The aim of this script is to reduce the number of outstanding jobs (Workbank) related to a specific competence using the strategic framework for benefit and assessment stratergy. This will done in two steps:

First stage indicators:
1. Number of jobs associated to retrained competences delivered (i.e. number of completed jobs).
2. Number of jobs delivered on per team member basis (i.e. number of completed jobs/ team size).
3. Successfully completed jobs as a proportion of the total required jobs (i.e. completed jobs / required jobs).

Second stage indicators:
1. Workbank backlog associaed to retained competences

All this will be answered for pre and post intervention with the date of intervention taken as September 2021 by using the folowing steps in the script.
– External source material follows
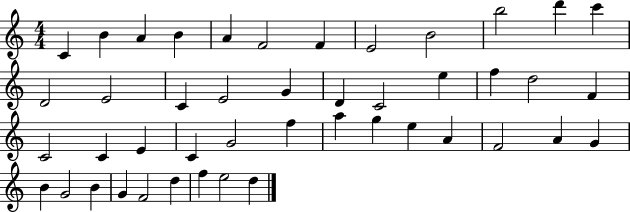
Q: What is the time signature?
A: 4/4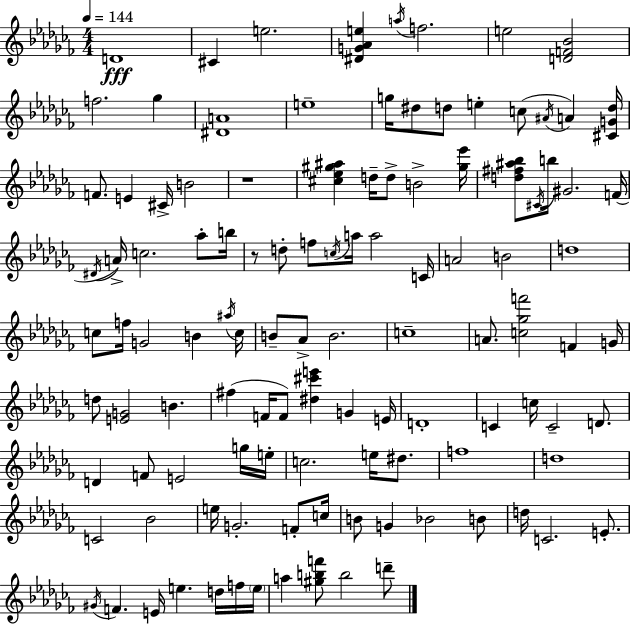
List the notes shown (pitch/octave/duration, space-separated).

D4/w C#4/q E5/h. [D#4,G4,Ab4,E5]/q A5/s F5/h. E5/h [D4,F4,Bb4]/h F5/h. Gb5/q [D#4,A4]/w E5/w G5/s D#5/e D5/e E5/q C5/e A#4/s A4/q [C#4,G4,D5]/s F4/e. E4/q C#4/s B4/h R/w [C#5,Eb5,G#5,A#5]/q D5/s D5/e B4/h [G#5,Eb6]/s [D5,F#5,A#5,Bb5]/e C#4/s B5/s G#4/h. F4/s D#4/s A4/s C5/h. Ab5/e B5/s R/e D5/e F5/e C5/s A5/s A5/h C4/s A4/h B4/h D5/w C5/e F5/s G4/h B4/q A#5/s C5/s B4/e Ab4/e B4/h. C5/w A4/e. [C5,Gb5,F6]/h F4/q G4/s D5/e [E4,G4]/h B4/q. F#5/q F4/s F4/e [D#5,C#6,E6]/q G4/q E4/s D4/w C4/q C5/s C4/h D4/e. D4/q F4/e E4/h G5/s E5/s C5/h. E5/s D#5/e. F5/w D5/w C4/h Bb4/h E5/s G4/h. F4/e C5/s B4/e G4/q Bb4/h B4/e D5/s C4/h. E4/e. G#4/s F4/q. E4/s E5/q. D5/s F5/s E5/s A5/q [G#5,B5,F6]/e B5/h D6/e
1.  Get all file paths and read files
2. Pre process the data
3. Join Backlog data to plan vs completed
4. Merge the competence held 
5. Join team size
6. Recommendations taken up to date
7. Workbank KPIs

## 1. Get all file paths and read files

#### 1.A. Import relavent libraries

In [2]:
import pandas as pd
pd.set_option('display.float_format', lambda x: '%.3f' % x) # Supress scientific notation
import numpy as np
from azure.storage.blob import BlobServiceClient
import os
import pyodbc
from io import StringIO, BytesIO
import io

#### 1.B Define connections to SQL tables and Azure Storage blobs

In [3]:
# Define the connection to SQL database
#conn = pyodbc.connect( # SQL server
                       # name of SQL data base
                        # UID =
                       # Password
#                      ) # databasename

# To connect to Azure devp envirnoment                        
#STORAGEACCOUNTURL= ''
#STORAGEACCOUNTKEY= ''
#CONTAINERNAME= ''
#blob_service_client_instance_devp = BlobServiceClient(account_url=STORAGEACCOUNTURL, credential=STORAGEACCOUNTKEY)

# To connect to Azure test envirnoment                        
#STORAGEACCOUNTURL= ''
#STORAGEACCOUNTKEY= ''
#CONTAINERNAME= ''
#blob_service_client_instance_devp = BlobServiceClient(account_url=STORAGEACCOUNTURL, credential=STORAGEACCOUNTKEY)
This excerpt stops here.